The mistake is that Hroub tries to explain the absence of democracy, yet for all its current popularity, democracy is in historical terms a rare form of government. It is democracy’s emergence, not its absence, that needs to be explained. Democracy triumphs when entrenched social forces and mobilisable constituencies find that they cannot defeat each other, so they allow strong political institutions to mediate their differences. For the Arab world to democratise, political opposition will have to link to organised constituencies, and that is something that to date only Islamists have done. Existing regimes will have to conclude, like 19th-century Europe’s ruling groups, that they have no alternative but to negotiate the inclusion of those they have been trying to keep out.
Hroub’s exaggeration is his over-emphasis on Western policy when explaining the absence of democracy. Western policy has, to be sure, been ineffectual, hypocritical and damaging. But it is only part of the problem—and therefore changing it is only part of the solution. At best it can aid long-term trends toward democratisation. The real challenge for Western policymakers is to find a way to integrate long-term support for democratisation into policies that are all too often reactive and based on a need to respond to last week’s headlines.
As to the erroneous policy lesson, although Hroub does not prescribe any specific policy, he implies that the best policy might be a revolutionary break with current regimes and an insistence that democratisation be placed at the centre of Western policy. Even if such a path was theoretically wise, and Hroub does not claim that it would be, the story of the Bush Administration’s freedom agenda should caution us against such a path. Bush simply wished away the tension between democracy promotion and other Western interests – with the result that eventually everyone become disillusioned. We need a steadier, long-term policy, not a messianic new vision.
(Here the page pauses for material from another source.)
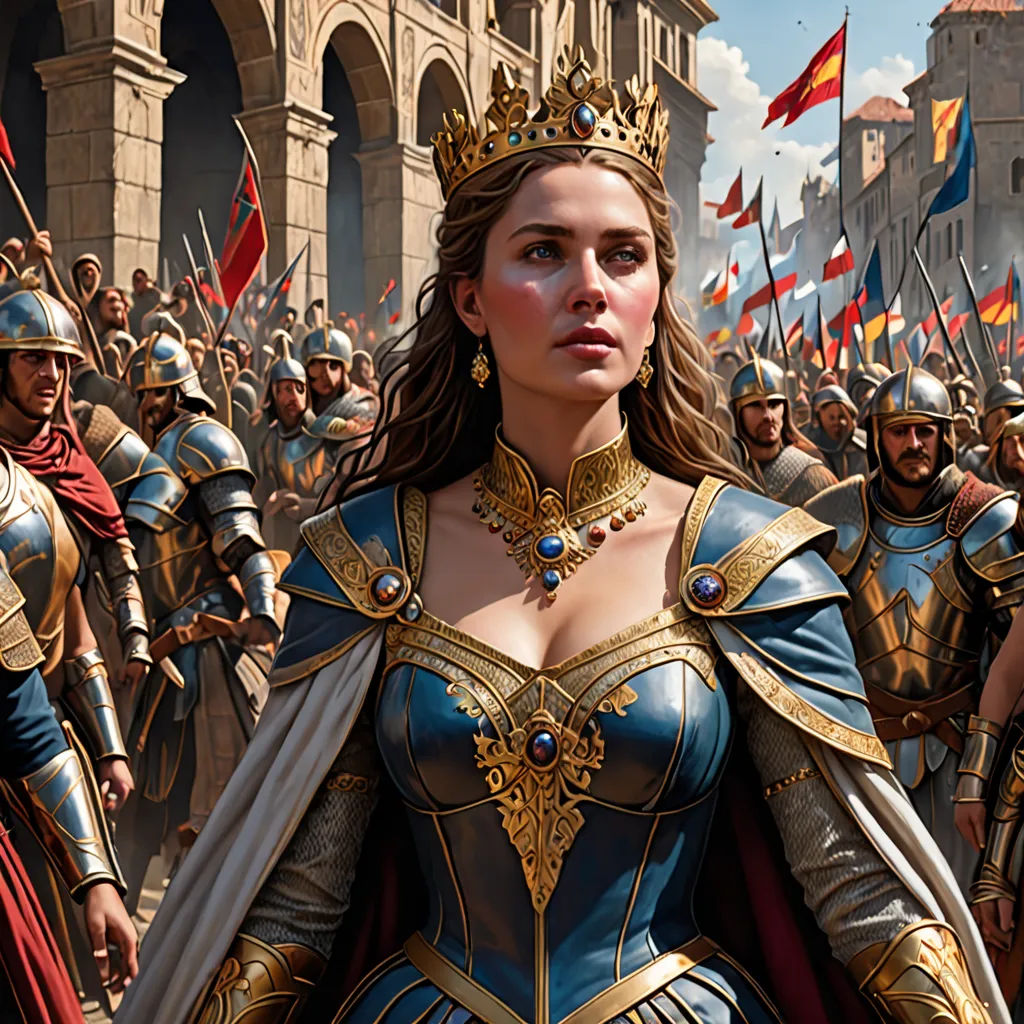 a woman in a blue dress and a crown standing in front of a group of men in armor and holding flags, altermodern, a detailed painting, Clint Cearley, magic the gathering artwork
For democracy to emerge in the Arab world, two things must happen: Those with alternative political visions must be free to mobilise their constituencies, and Arab leaders must learn to see their challengers as legitimate political actors. Western powers can contribute to such developments, but low-level assistance to organisations with pleasant but safe agendas will do little to help. The usual types of democracy promotion generally do no harm, and might even do some good, but they need the support of diplomatic muscle. And that can only be delivered by a clear policy that makes it clear that Arab regimes’ relations with the West will be affected by their treatment of opposition groups.
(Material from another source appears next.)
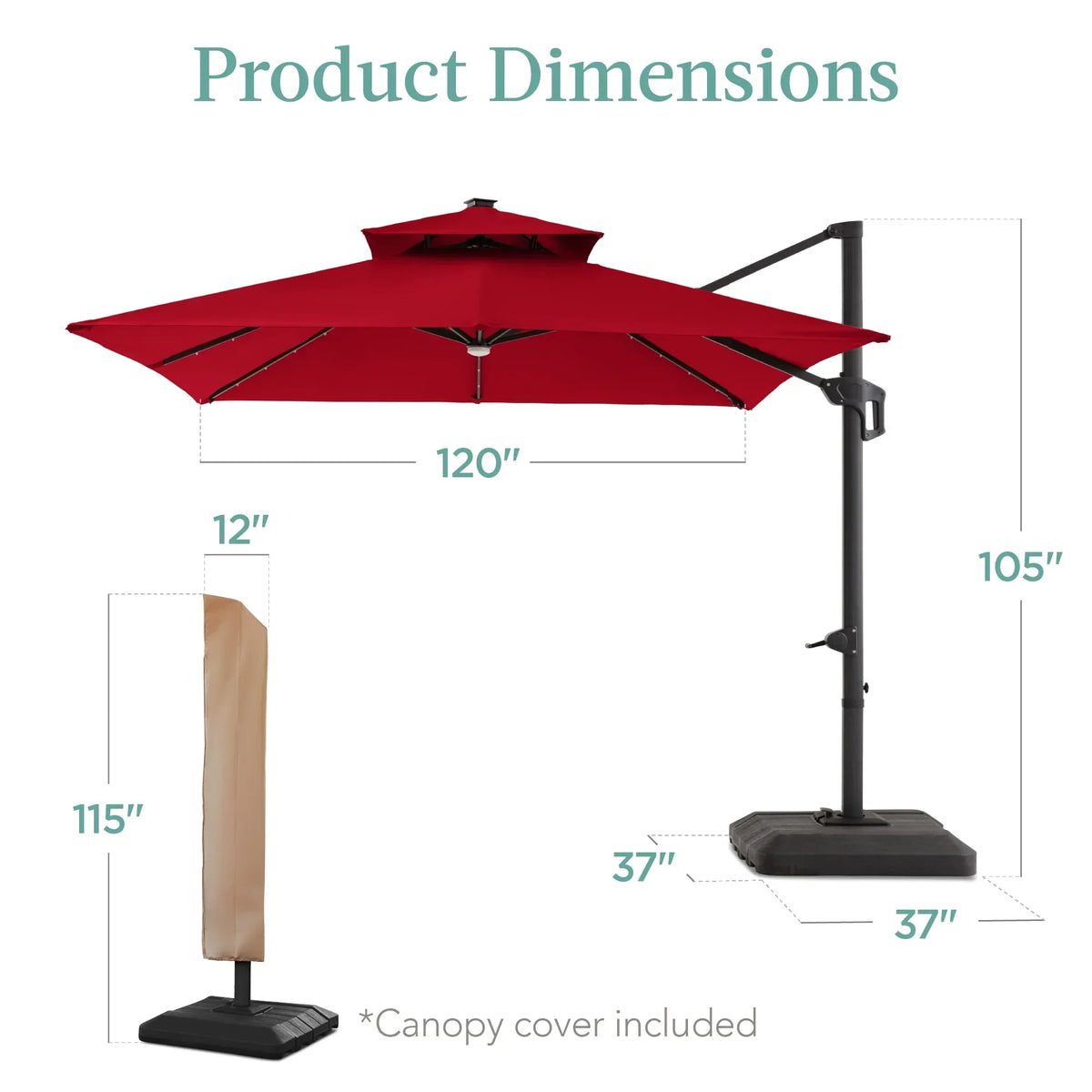 2026 NEW Best Choice Products 10x10ft 2-Tier Square Outdoor Solar LED Cantilever Patio Umbrella w/ Base Included - Tan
This discussion usually leads directly to the familiar question of whether the West should “engage” with Islamists? The answer is that this is the wrong question. The right ones are: “What can the West do to encourage Arab regimes to engage with Islamists?” and “How can the West encourage Arab regimes to allow reformers to convert armchair theorising into effective – but non-revolutionary – mobilisation?” Engagement must be among competing political visions in the Arab world. Western policymakers can help in modest ways, and if they fail to do so they risk continued political cynicism and radicalism in the region. And even if they opt to do so they must be aware that the pay-off may be a generation away.